Troina, 290mila euro contro la disoccupazione Sindaco: «Microcredito per tenere qui i giovani»

«Sarà un modo per tenerci i nostri giovani». È con queste parole che il sindaco di Troina, Fabio Venezia, parla della convenzione stipulata con l’Ente nazionale di microcredito, che consentirà al Comune della provincia di Enna di agevolare l’autoimprenditorialità e contrastare la disoccupazione giovanile che in Sicilia ha toccato percentuali allarmanti. Con la conseguenza di vedere aumentare drasticamente le cifre riguardanti l’emigrazione.

Per riuscire in questo intento, il Comune ha deciso di destinare 290mila euro del proprio bilancio alla creazione di un fondo di rotazione che servirà da garanzia nei casi in cui i progetti avviati dai giovani imprenditori non dovessero decollare. Il centro dell’Ennese è il primo Comune siciliano ad aver stipulato la convenzione. «Si tratterà di un paracadute per i casi di imprese che non riusciranno a stare sul mercato – spiega Venezia -. Chiaramente questo non significherà che daremo soldi a chiunque. I progetti verranno valutati attentamente». Tra gli aspetti presi in considerazione ci sarà senz’altro la natura dell’attività imprenditoriale. «Di certo non si potrà accedere al microcredito per aprire centri scommesse o compro oro – assicura il primo cittadino -. I progetti dovranno rispettare l’idea di sviluppo del territorio che questa amministrazione vuole portare avanti». 

A poter presentare le proprie idee saranno giovani inoccupati o disoccupati. «Il ricorso al fondo comunale avverrà in una seconda fase – specifica Venezia -, in prima battuta il Comune si farà da tramite per inoltrare le proposte all’Ente nazionale, così da accedere al fondo nazionale di garanzia. Si tratta di risorse stanziate dal ministero. Nel caso in cui dovessero emergere difficoltà per finanziare progetti che per noi saranno comunque meritevoli, allora saremo noi a dare i soldi». Ogni troinese potrà ambire ad avere un contributo tra 25 e 35mila euro, prestito che dovrà iniziare a restituire con l’avvio dell’attività imprenditoriale. «Ci appoggeremo a un istituto di credito e i tassi di interessi per la restituzione, che avverrà nel corso degli anni, saranno molto bassi», assicura Venezia. La restituzione servirà a sua volta a finanziare altri progetti. «Vogliamo creare un circolo virtuoso per rilanciare il territorio», conclude il sindaco.
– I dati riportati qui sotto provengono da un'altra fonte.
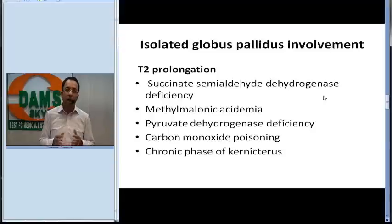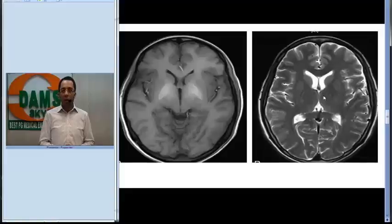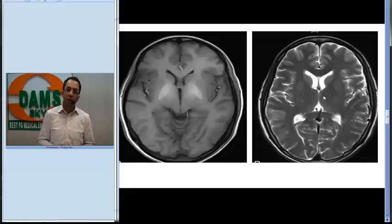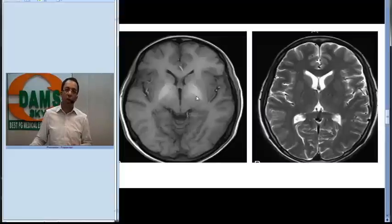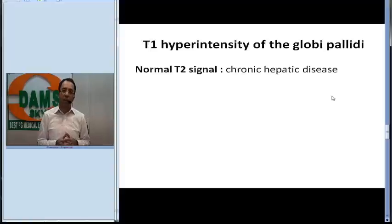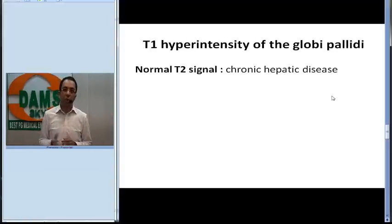Comparing with another patient: on T1-weighted and T2-weighted axial images, you can see the globus pallidus is hyperintense on T1-weighted image but normal on T2-weighted image. T1 hyperintensity of the globus pallidus with a normal T2 signal suggests disorders like chronic hepatic disease, which can lead to such an appearance on MRI.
Di risorse per l’autoimprenditorialità si era già parlato un anno fa, quando, a novembre, tantissimi giovani imprenditori siciliani si erano lamentati per il trattamento ricevuto da Invitalia, l’agenzia nazionale del ministero dell’Economia che, a distanza di mesi dall’accoglimento delle domande per accedere ai finanziamenti previsti per il lavoro autonomo e le microimprese, aveva rigettato numerose istanze a causa dell’esaurimento dei fondi. Facendo di fatto perdere tempo e denaro – speso nei passaggi necessari alla costituzione dei soggetti giuridici richiesti dal bando – a moltissimi giovani, diversi dei quali intenzionati a lanciare una class action contro l’agenzia.